Um pássaro pousa sobre a pedra que está nos trilhos do trem. Ele bica uma planta e se alimenta de algo que não posso ver. Um trem vem chegando e o pássaro aproveita enquanto pode, depois voa para longe, com a proximidade limite da máquina. Penso que o pássaro não queria ser a pedra, caso contrário estaria esmagado entre o trem e o chão. E se ele fosse o trem, se afastaria cada vez mais do alimento naquela planta, sem escolha, sem poder voltar atrás e ficar o quanto quiser.

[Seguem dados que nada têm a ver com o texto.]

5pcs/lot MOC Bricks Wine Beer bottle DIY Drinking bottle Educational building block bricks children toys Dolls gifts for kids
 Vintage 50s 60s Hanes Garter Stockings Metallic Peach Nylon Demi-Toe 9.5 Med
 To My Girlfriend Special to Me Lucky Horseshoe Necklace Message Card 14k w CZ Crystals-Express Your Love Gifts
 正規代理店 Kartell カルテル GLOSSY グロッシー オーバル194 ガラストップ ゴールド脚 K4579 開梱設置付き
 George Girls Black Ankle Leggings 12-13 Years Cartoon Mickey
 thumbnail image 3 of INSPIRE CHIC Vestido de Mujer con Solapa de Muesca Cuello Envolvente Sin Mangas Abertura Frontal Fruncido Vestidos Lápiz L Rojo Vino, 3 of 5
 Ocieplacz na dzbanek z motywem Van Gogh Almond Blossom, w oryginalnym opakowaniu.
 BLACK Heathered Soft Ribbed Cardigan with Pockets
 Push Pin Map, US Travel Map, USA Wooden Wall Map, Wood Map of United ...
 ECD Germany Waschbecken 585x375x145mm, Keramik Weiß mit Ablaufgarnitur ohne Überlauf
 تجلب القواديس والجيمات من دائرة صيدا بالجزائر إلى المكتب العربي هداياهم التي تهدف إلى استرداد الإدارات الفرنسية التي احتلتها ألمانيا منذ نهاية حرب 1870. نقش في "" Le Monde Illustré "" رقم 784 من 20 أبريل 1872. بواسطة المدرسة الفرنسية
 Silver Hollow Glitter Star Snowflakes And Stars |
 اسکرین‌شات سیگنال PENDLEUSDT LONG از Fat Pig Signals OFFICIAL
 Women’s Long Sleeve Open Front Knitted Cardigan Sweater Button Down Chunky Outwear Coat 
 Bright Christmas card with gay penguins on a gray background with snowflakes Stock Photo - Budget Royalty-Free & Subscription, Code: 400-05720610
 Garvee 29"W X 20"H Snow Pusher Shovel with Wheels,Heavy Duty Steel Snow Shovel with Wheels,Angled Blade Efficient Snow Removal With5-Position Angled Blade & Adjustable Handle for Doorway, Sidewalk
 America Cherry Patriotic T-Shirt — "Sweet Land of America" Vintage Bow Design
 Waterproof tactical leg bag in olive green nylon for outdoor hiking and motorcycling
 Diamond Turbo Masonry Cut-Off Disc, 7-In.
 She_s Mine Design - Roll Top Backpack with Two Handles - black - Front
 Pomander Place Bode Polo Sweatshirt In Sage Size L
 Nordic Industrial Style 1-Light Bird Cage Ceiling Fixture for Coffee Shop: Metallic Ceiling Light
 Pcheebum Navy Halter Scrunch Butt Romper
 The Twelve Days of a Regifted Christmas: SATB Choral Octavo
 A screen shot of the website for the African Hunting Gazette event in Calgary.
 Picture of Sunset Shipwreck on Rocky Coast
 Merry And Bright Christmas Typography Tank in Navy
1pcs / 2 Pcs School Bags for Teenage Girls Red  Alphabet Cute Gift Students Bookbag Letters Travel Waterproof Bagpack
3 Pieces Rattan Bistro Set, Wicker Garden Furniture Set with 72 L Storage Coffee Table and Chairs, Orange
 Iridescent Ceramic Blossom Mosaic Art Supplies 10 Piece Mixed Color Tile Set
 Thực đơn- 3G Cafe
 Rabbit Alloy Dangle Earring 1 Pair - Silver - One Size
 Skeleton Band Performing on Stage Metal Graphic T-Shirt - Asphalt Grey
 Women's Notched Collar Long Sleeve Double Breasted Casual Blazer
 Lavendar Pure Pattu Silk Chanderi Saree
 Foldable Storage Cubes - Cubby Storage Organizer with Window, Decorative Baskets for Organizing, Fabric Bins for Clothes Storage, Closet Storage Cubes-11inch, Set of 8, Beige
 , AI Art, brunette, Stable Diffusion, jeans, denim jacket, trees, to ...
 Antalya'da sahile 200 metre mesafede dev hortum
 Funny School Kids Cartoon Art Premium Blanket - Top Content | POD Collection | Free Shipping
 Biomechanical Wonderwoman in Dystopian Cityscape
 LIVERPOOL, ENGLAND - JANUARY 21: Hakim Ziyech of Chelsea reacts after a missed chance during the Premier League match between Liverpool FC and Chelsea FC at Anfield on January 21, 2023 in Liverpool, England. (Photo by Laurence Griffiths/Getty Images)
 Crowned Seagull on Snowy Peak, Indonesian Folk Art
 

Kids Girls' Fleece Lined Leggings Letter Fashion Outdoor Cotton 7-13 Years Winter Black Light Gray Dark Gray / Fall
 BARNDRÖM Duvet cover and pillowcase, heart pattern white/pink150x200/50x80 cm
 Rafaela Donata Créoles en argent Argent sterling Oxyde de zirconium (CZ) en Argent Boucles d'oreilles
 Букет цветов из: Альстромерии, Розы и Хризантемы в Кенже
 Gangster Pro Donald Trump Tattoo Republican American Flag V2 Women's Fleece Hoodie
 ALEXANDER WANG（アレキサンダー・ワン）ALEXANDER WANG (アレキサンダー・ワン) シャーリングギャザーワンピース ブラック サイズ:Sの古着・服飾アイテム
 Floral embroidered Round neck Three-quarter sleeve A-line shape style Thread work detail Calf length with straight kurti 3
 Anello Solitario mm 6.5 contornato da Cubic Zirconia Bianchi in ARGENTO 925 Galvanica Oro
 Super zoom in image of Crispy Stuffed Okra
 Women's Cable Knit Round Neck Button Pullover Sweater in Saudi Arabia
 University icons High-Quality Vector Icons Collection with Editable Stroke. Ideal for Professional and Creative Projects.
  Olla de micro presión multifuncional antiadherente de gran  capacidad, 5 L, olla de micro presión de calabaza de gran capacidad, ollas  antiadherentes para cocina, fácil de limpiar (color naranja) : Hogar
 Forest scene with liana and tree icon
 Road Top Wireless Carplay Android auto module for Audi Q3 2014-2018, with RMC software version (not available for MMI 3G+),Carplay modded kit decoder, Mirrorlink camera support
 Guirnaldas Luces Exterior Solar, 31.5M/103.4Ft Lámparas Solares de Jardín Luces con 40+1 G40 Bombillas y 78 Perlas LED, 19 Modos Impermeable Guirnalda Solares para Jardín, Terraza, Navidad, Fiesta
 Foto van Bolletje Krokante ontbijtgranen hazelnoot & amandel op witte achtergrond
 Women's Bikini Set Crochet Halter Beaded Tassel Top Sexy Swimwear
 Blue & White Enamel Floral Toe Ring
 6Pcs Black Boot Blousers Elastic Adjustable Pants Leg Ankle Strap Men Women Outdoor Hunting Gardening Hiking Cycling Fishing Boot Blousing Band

Se o pássaro fosse eu, sentiria medo de si, olhando o outro lado dos trilhos do trem, temendo que o pássaro voasse em sua direção.

O pássaro só pode ser o pássaro; eu posso ser eu.

28 de fevereiro de 2019

Flores de jambo

As pétalas das flores de jambo caíam no chão e formavam uma espécie de tapete de camurça rosa. Eu tinha vontade de deitar naquele tapete, mas nunca deitei. Havia formigas pelo chão e a minha vontade de contemplar era maior que a de experimentar.

Queria reter aquilo comigo para sempre. Nessa tentativa, levei um punhado de fios rosa para casa, guardei dentro da agenda, como toda adolescente faria. No entanto, para minha frustração, os fiapos rosa apodrecerem, ficando marrons e moles e um pouco úmidos. Parece que a beleza daqueles momentos, quando o jambeiro se preparava para dar frutos, só podia ser armazenada na memória.

Hoje, tão distante da minha adolescência e diante da impossibilidade de saborear um jambo, fecho os olhos e ainda vejo, não, ainda sinto aquele tapete diante de mim, se mostrando para todos e ninguém em especial, apenas existindo e fazendo o que precisava fazer.

E eu aqui, pensando no que deveria fazer. O que preciso fazer? O que quero fazer? Se desejo é o que fica depois que a necessidade passa, quais são os meus desejos? Mas, enquanto penso e não penso sobre isso, vou vivendo e fazendo o que precisa ser feito.

Talvez eu seja mais parecida com uma árvore do que podia imaginar. Mas não quero ser um jambeiro ou uma macieira... não quero ser uma árvore! O que quero ser? Novamente: o que desejo? Naquilo que desejo, eu sou. Mas como posso desejar a mim mesma? Como se faz isso?